DELİLLERİN DEĞERLENDİRİLMESİ, HUKUKİ SEBEPLER VE GEREKÇE:
6100 sayılı HMK’nın 355. maddesi uyarınca istinaf dilekçesinde belirtilen sebepler ve kamu düzeni ile sınırlı olarak yapılan istinaf incelemesinde;
Talep, 2004 sayılı İİK m. 257 vd. hükümleri uyarınca ihtiyati haciz kararı verilmesi istemine ilişkin olup; uyuşmazlık, somut olayda ihtiyati haciz koşullarının oluşup oluşmadığı noktasında toplanmaktadır.
Dosya kapsamına göre talep dilekçesi ekinde e- fatura, kargo teslim belgesi fotokopisi ve whatsap yazışmaları bulunduğu anlaşılmıştır.
İhtiyati haciz, alacaklının bir para alacağının zamanında ödenmesini garanti altına almak için mahkeme kararıyla borçlunun mallarına önceden geçici olarak el konulmasıdır. İhtiyati hacze ilişkin yasal düzenleme 2004 sayılı İcra ve İflas Kanunu’nun 257 ila 268. maddesinde yer almaktadır. Bilindiği gibi ihtiyati haciz talep edebilme koşulları İİK’nın 257. maddesinde gösterilmiş olup maddede hem vadesi gelen hem de henüz vadesi gelmemiş para alacakları için ihtiyati haciz şartları düzenlenmiştir. Bunlar muaccel alacaklarda alacağın vadesinin gelmiş olması ve alacağın rehinle temin edilmemiş olmasıdır.
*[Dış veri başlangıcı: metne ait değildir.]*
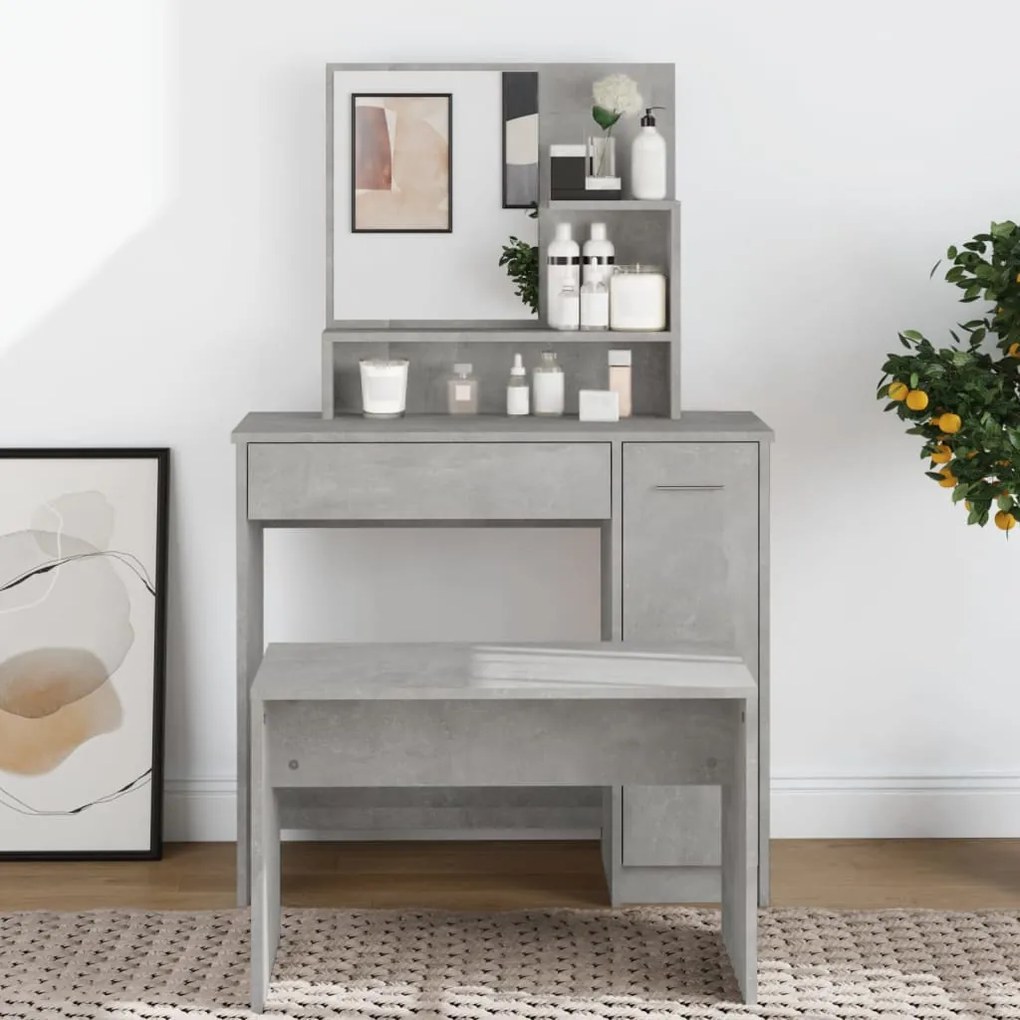 Toeletta con specchio grigio cemento 86,5x35x136 cm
Müeccel alacaklarda ise kural ihtiyati haciz istenemeyeceği ise de borçlunun belli bir adresinin olmaması veya borçlunun taahhütlerinden kurtulmak amacıyla mallarını gizlemeye, kaçırmaya veya kendisi kaçmaya hazırlanır yahut kaçar ya da bu amaçla alacaklının haklarını ihlal eden hileli işlemlerde bulunursa vadesi gelmemiş alacaklarda da ihtiyati haciz kararı verilebilir. Sözü edilen maddede bunun dışında herhangi bir koşul öngörülmemiştir.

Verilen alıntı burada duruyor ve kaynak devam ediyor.